I was doing some work today and I realized that I was wrong about reference variables in C++. As we all know, C doesn't have this feature and it only has pointers.

Code:

#include <iostream.h>

int x = 5;
int *xPtr = &x;
int &xRef = x;

cout << xPtr << '\n';
// I thought this next line would spit out the address of xRef
cout  << &xRef << endl;

This will both print out the address of variable x. How do I get the address of reference variable xRef? More importantly, does reference variables get their own memory cell? I know for a fact that pointer variables(xPtr) get their own cell because &xPtr would print out the memory address of xPtr.

[Dolda2000]

Now I'm really against C++, but as far as I know, reference variables are some kind of "automatically dereferenced" pointers. That would lead me to think that just compiling xRef would lead to the same code as *xPtr, and in that case, &xRef would be &*xPtr, in deed yielding the address of x, in that it yields the reference to the dereferencing of xPtr, which is x. If you want the address of xRef, I guess that would &&xRef, but I don't know if the compiler accepts that. Try and see.

[bpark]

Dolda,

Going back to my code earlier

Code:

int x = 5;
int *xPtr = &x;
int &xRef = x;

cout << "Address of x via xPtr&#58; " << xPtr << endl;
cout << "Address of x via xRef&#58; " << &xRef << endl;

xPtr holds the address of x. If I did &xPtr, then it would give me the address of xPtr and NOT the address of x. This was why I was saying earlier that pointers get their own memory cell.
References are something like dereferenced pointers as you stated. &&xRef does not work on g++. I'm starting to think that reference variables may not have their own memory cell but then... I can't possibly seeing it working without it having it's own memory cell.

[Dolda2000]

I was saying that &*xPtr yields the address of x, not &xPtr. I was guessing that &&xRef wouldn't work, though, since &&*xPtr didn't compile with gcc (using normal C). References do get memory allocated to them, though, because, as you say, it wouldn't work otherwise. Maybe C++ doesn't allow you to get the address of a reference variable. It would seem strange, but it would go just in line with the rest of the things I don't like with C++.

[bpark]

I was saying that &*xPtr yields the address of x, not &xPtr.

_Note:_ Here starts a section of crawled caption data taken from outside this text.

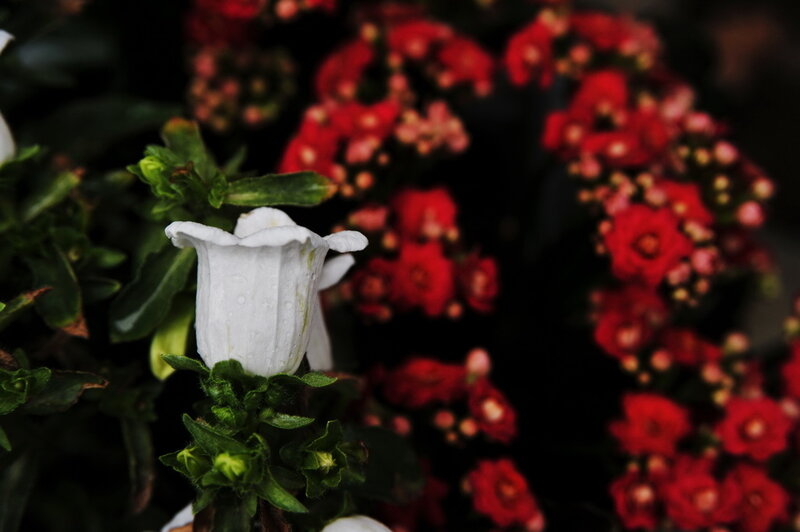 White flower with red background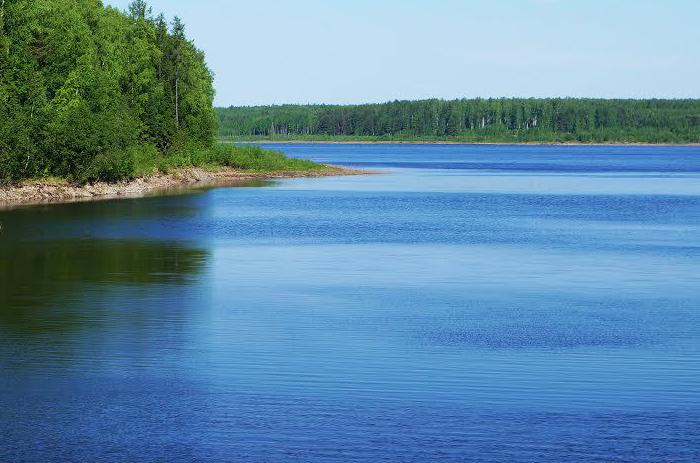 قىزىلوردادا التى سۋ قويما سالىنادى 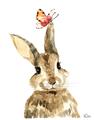 Picture of Butterfly Bunny _GroupedProduct_Rectangle_Portrait_Mini_ _GroupedProduct_Rectangle_Portrait_Unframed_Print_Only_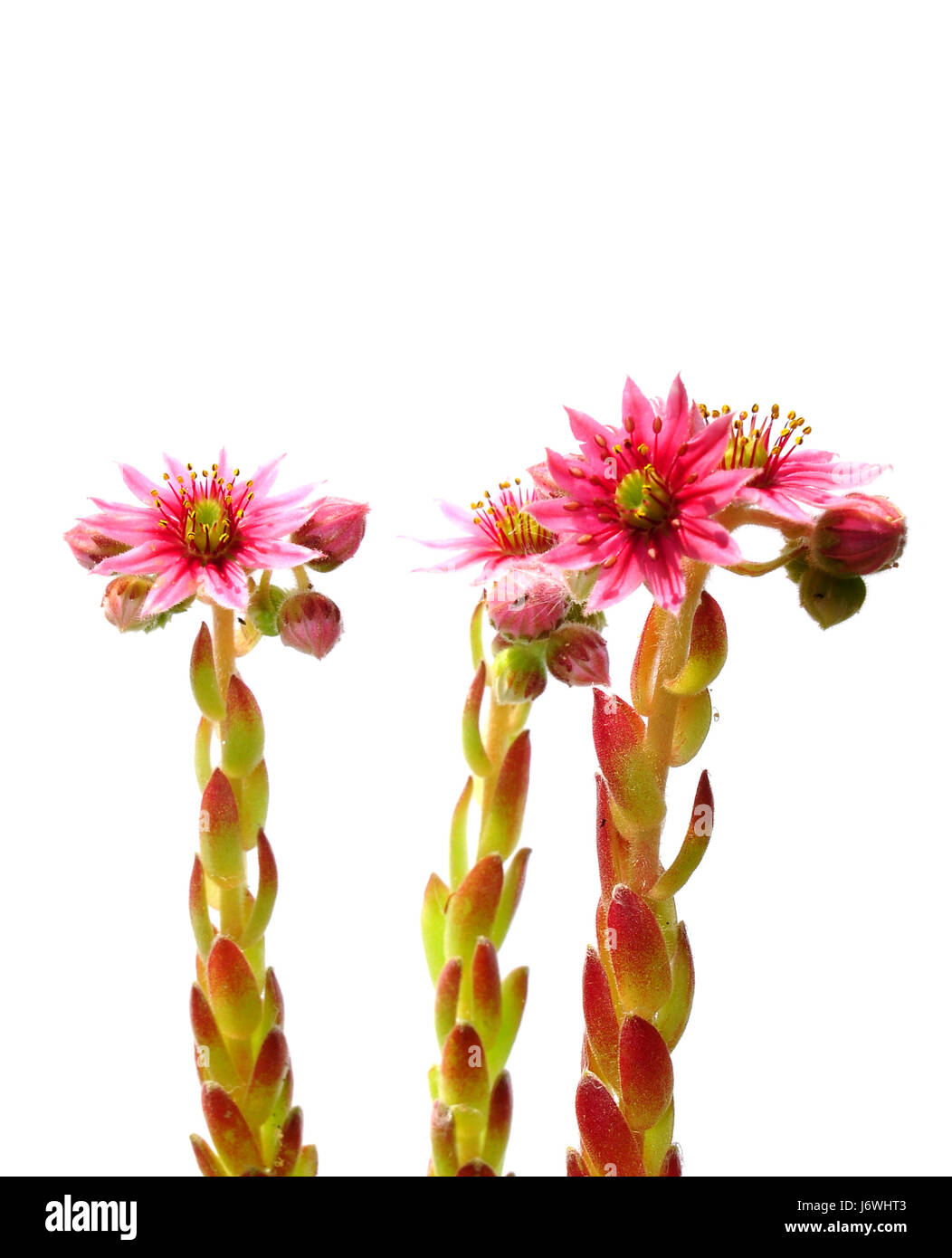 houseleek flowers (sempervivum Stock Photo - Alamy
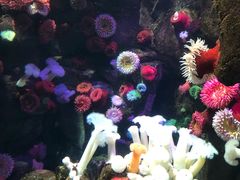 -瑞普利水族馆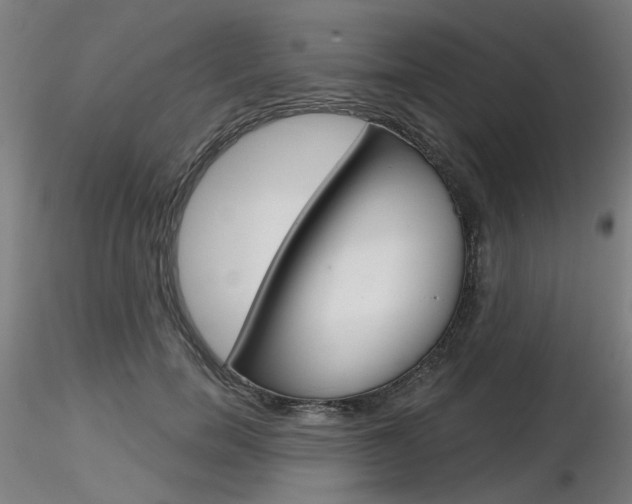 X0000116850750200912220941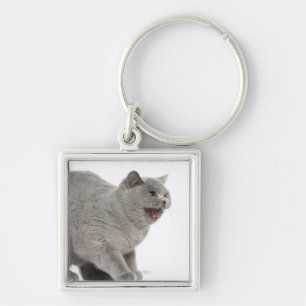 Llavero Shorthair británico asustado que silba (8 meses)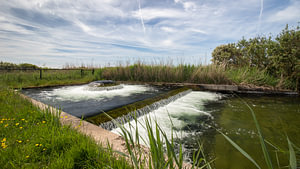De Kwal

Sorry about this confusion. I read it wrong. Looking at it now, there's really no point in doing &*xPtr to get the memory address of x since xPtr holds that info but syntax wise, it is absolutely correct.
I was just shocked to find out that &xRef would spit out the memory address of x. I guess I need to finally open that book by Stroustrup since I haven't even opened it.

[Dolda2000]

Yeah, the &*xPtr was just to be an analogy to what &xRef would compile into. Like I said, I've been trying to stay away from C++, but I'm assuming that reference variables are really just pointers, that are compiled so that they are always automatically dereferenced, ie. adding a * in front of them. In that case, parsing xRef would be the same as parsing *xPtr, and parsing &xRef would be the same as parsing &*xPtr. Of course, algebraically, they would negate each other and become just xPtr, but now C and C++ aren't true algebraic languages, and therefore &&*xPtr, which algebraically would be equivalent to &xPtr (which is correct), isn't correct since the compiler doesn't seem to support nested l-values. Therefore you can't do &&xRef either. I didn't know that until now, though. Does anyone know if the C standard says something about this?
Maybe there is an alternative method of double referencing xRef in C++; if you find something in that book of yours, please tell me, so that I'll know whether to further decrease my respect for C++ or not.

[bpark]

Dolda,

What is your native programming language? Mine was C++ and although I didn't learn anything at the University at Albany, I've learned C++ on my own. What language do u prefer to code in?

[Dolda2000]

C, of course, the one and only real language! Must you not love its unmatched clarity and power? And the way everything in it connects so closely to the hardware while still remaining platform independent? Man, I just can't stop drooling over it!
C++ on the other hand, I hold in quite low regard, for different reasons.
Actually, I learned programming in BASIC, and I kept doing that until I was 15, I think. Then I started extending BASIC with some C libraries, and then I switched to C completely. Mustn't you just love C?
I gotta quit... All this drooling isn't good for my keyboard...

[bpark]

Dolda,

Well, I have to agree with you on saying that C is a good language and I would normaly use C over C++ but the fact is, C doesn't support OOP. I've heard of something called objective C and I don't know hjow much potential it has but I've recently come to the conclusion that OOP is a very good programming technique.
Now I do have appreciation for C since I took a systems programming course but I have to say that structured programming is
A. Harder than OOP
B. Code cannot be reused with ease as in OOP
The professors at the university told us that C was faster than C++. I don't know how much of that is true but all I can say is I'd use C++ when I need to code something with classes and C when I don't.

[Dolda2000]

OOP is precisely the reason that I avoid C++. After all, the _only_ thing that C++ has over C is OOP. Sorry, but I really don't like OOP. As I see it, it's just useless wrapper code. (Do you know that many C++ "compilers" only generate C code which is passed directly to a C compiler?)
I must also say that I have no problems reusing code in C. What exactly is your problem with that?
The only advantage that I see with OOP is that the namespace is more hierarchical, which is a pretty huge advantage.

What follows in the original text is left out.